After the update dropped, things might have gone almost fine. Many, like me and the others still in this thread, could accept the result even if we didn't really *like* it, or could control our frustration. Others, like my brother, left the thread for a while because they wanted to acoid what might happen if they didn't. Blame starts, people start self flaggelating and some accuse others or go I told you so:; recriminations, but not enough to boil over. The decision not to vote break, while reasonable from a time prespective, could have been much better handled, and added to it. Ultimately, agency and railorading enter the discussion (they definitely would have anyway, but I dont think it would have been to the same extent), and when the blame heads the author's way Poptart is the only target. Instead of being able to point to the dice or the rules that are against them, it comes dosn to their anger vs how much they trust poptart as a GM, and when the answer starts to become the former to any real extent, a feedback loop forms.
Ultimately, I don't think this will solve the issue of salt and upset players. That's further up the chain, and will form before this comes into play. I do think however, that this will reduce the scale, and in combination with the effects of the modpost and (hopefully) some of the worst offenders leaving, nothing like that previous occurance will occur.
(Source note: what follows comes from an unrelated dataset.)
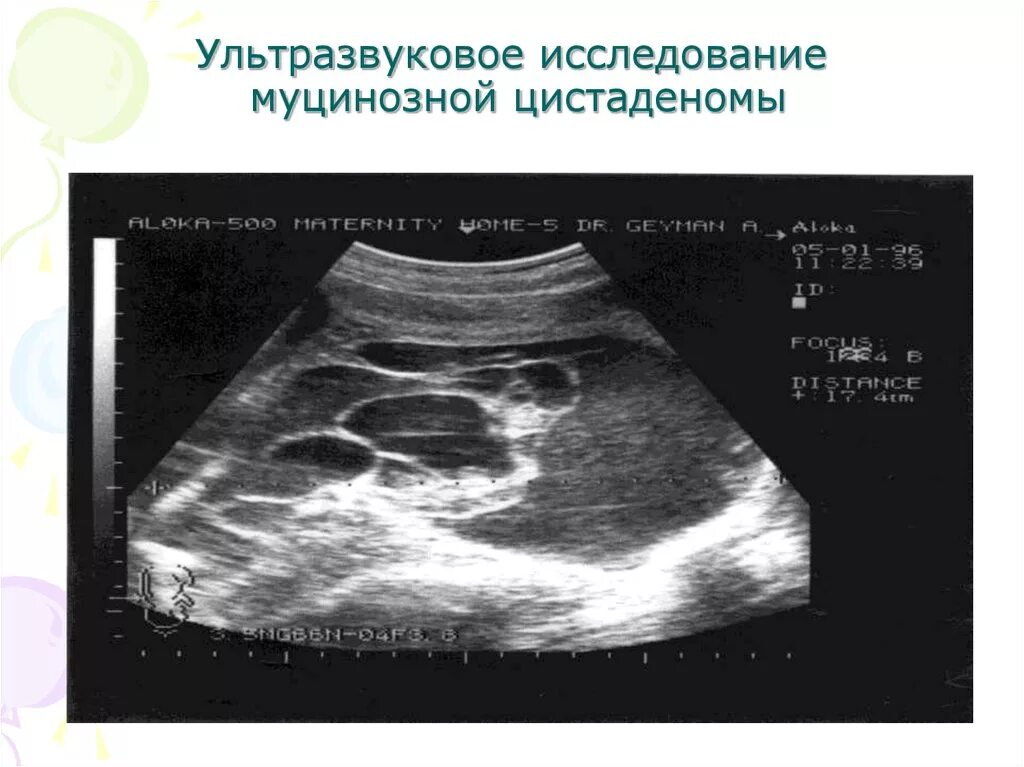 Муцинозные опухоли яичников. Папиллярная цистаденома на УЗИ. Муцинозная кистома УЗИ. Папиллярная цистаденома яичника на УЗИ. Папиллярная серозная цистаденома яичника УЗИ.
We also aren't limited to one option. We can have public rules, and rolls, and contact a staff at updates likely to induce salt, and we can learn from our mistakes. Even if this isn't a solution, it's part of one that's already largely in process.
Obviously, some of the obovr is supposition; I took a small sample from each group that I knew, and then assumed each sample was completely representative and used that to create a universal solution, which is a famously reliable strategy that has never given a bad result before.